Anti-war activists call for end to occupation of Iraq

TNI
November 2005

 

Anti-war activists call for end to occupation of Iraq
Agence France Press, 21 September 2004

Anti-globalisation and anti-war activists closed ranks with Islamic movements at a forum here Monday to call for an end to the occupation of Iraq and the Palestinian territories. "We call for the unconditional withdrawal of US and coalition forces from Iraq. We demand an end to the Israeli occupation of Palestine," they said in a final statement after the three-day forum in Beirut.

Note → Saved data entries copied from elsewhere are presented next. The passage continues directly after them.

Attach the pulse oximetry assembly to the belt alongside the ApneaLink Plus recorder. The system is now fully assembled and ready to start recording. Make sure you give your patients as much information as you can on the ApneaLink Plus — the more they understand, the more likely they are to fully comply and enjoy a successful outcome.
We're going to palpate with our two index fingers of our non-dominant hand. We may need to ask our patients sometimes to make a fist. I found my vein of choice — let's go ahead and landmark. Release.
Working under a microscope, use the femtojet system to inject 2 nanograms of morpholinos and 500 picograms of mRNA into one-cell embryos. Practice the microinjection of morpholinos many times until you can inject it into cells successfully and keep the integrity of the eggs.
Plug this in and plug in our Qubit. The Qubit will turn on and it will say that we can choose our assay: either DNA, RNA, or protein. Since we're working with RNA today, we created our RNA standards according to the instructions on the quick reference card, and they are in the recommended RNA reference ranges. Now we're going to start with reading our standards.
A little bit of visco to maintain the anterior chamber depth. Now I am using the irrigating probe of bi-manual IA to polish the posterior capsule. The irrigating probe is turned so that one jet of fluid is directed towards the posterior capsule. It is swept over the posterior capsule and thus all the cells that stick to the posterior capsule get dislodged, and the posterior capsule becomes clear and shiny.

"We support the right of the people of Iraq and Palestine to resist the occupations," said the declaration read at a press conference by a leading activist, Filipino university professor Walden Bello, who is executive director of Focus on the Global South organisation.

It denounced Israel's "racist" Zionist ideology and demanded the destruction of the "apartheid wall" being built by Israel in the West Bank, the dismantling of Jewish settlements and the release of all Palestinian and Iraqi political prisoners.

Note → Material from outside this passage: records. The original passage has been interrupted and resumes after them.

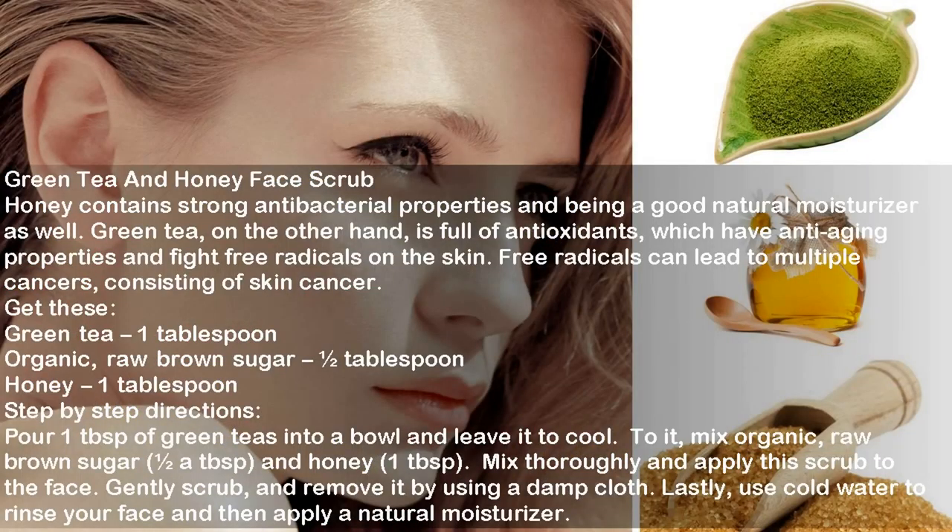Green Tea and Honey Face Scrub. Honey contains strong antibacterial properties and is a good natural moisturizer. Green tea, on the other hand, is full of antioxidants which have anti-aging properties and fight free radicals on the skin. Free radicals can lead to multiple cancers, including skin cancer. Ingredients: Green tea 1 tablespoon, Organic raw brown sugar half tablespoon, Honey 1 tablespoon. Directions: Pour 1 tablespoon of green tea into a bowl and leave it to cool. Mix in organic raw brown sugar, half a tablespoon, and honey, 1 tablespoon. Mix thoroughly and apply this scrub to the face. Gently scrub and remove it using a damp cloth. Use cold water to rinse your face and then apply a natural moisturizer.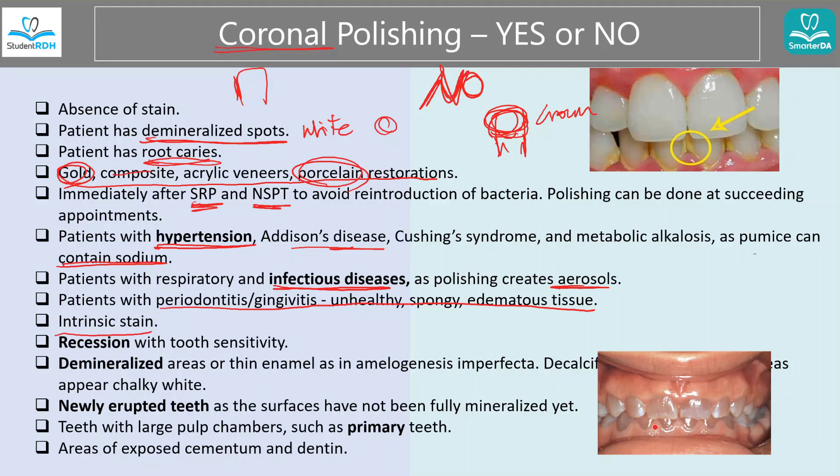When there is intrinsic stain — for example, dentinogenesis imperfecta can cause blue stain, but that blue is inside, not extrinsic. Tobacco stain is extrinsic, but this one is inside. Before you say there is stain, understand: is it inside or outside? Because if it's inside, polishing will not do anything. And when there is recession — we never polish roots anyhow, but if we touch them, that part is much weaker compared to enamel and will be super sensitive. When there is demineralization — white spots — don't do it. And newly erupted teeth are still mineralizing, so don't run polishing over them and make them weaker. Let them sit.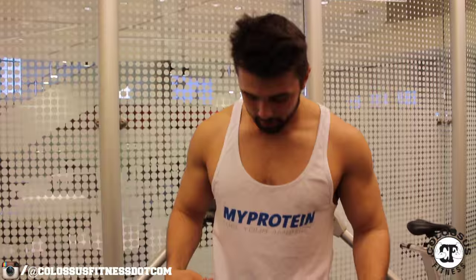Today we're going to go over our all-time favorite rear delt exercise that we haven't actually shown in any videos. We probably do this six sets every shoulder workout. We're in my MyProtein springer — please check them out. We have 20% off for you, link down below, and our 20% off code: Colossus.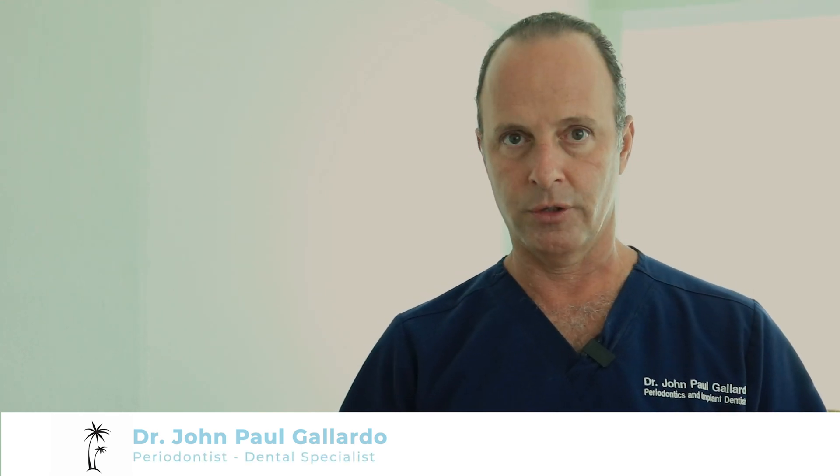Today we're going to be talking about PRGF. That's a type of growth factor protein processing that we use, and it's basically derived from the patient's own blood plasma, which we draw right on the spot. Since most of our cases are IV sedation, we draw the blood right from the IV line, and within minutes our technicians are working on it. Basically, the purpose of the growth factor is to enhance healing.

The "Beirut International Strategy Meeting of the Anti-War and Anti-Globalisation Movements" was attended by 260 delegates from 54 countries, including British MP George Galloway. Bello hailed the participation of Islamic movements for the first time in anti-globalisation forums, including the Lebanese Shiite Muslim fundamentalist Hezbollah. "The biggest achievement of this conference is the way that it was able to bring together the global peace and solidarity movements into a closer dialogue and association with its counterparts in the Arab and Muslim worlds," he told AFP. "We really wanted a closer and more organic dialogue between Muslim Arab groups and non-Arab and non-Muslim NGOs and organisations especially at a time when the United States is using attacks on Islam in order to push foreign policy objectives," he said.

The Beirut forum comes ahead of a planned October 1-3 Islamic conference in Berlin which organizers billed as supporting "the struggle against the American-Zionist hegemony and occupation" in Iraq and the Palestinian territories. German authorities have vowed to block the conference and have deported a Lebanese organizer of the event, which Jewish groups denounced as an effort to recruit terror operatives in Europe.